The records of twenty patients who had been treated for a non-union of the distal end of the humerus at the Massachusetts General Hospital from 1968 to 1984 were reviewed. Thirteen of the fractures were extra-articular and seven were intra-articular. Seven fractures had been open and nine had been associated with multiple trauma. Eight had been initially treated by open reduction and internal fixation; five, by closed reduction and immobilization; four, by skeletal traction; two, by external fixation; and one, by débridement and immobilization.
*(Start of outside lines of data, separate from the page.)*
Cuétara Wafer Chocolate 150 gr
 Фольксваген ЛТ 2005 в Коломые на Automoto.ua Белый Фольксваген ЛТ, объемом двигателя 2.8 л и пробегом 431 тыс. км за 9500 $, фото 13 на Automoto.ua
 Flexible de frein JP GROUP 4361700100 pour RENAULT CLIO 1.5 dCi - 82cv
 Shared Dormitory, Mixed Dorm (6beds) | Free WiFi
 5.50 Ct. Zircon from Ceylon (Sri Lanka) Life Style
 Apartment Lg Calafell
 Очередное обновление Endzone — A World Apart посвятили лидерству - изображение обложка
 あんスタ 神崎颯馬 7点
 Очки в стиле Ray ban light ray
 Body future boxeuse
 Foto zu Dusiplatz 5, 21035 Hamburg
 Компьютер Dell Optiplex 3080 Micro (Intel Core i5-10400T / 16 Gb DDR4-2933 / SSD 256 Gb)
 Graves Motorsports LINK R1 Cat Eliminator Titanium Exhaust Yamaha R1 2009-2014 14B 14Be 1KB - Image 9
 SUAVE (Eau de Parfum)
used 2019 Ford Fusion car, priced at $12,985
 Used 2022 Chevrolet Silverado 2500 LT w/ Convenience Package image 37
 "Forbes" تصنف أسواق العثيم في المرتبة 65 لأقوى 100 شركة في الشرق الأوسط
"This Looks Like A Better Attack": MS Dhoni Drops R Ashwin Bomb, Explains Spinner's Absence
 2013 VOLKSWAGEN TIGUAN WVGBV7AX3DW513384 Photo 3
The average time from the original fracture to the treatment of the non-union was twenty months (range, three to 120 months). All but one patient had pain and instability, and fifteen (75 per cent) had limited motion of the elbow. Radiographically, eleven were considered to have a reactive non-union and nine, a non-reactive non-union. Seventeen (94 per cent) of the eighteen non-unions ultimately united. Two patients underwent excision of the distal end of the humerus and replacement with an allograft. At follow-up (average, 3.6 years), function in one patient was rated as excellent; in six, as good; in seven, as fair; and in six, as poor. The patients who had an extra-articular supracondylar non-union had the best over-all results, while those who had a non-union that was associated with an intra-articular component or severe soft-tissue trauma did less well. It should be emphasized, however, that most of the patients in this study continued to have a major long-term disability, despite the fact that union was successful.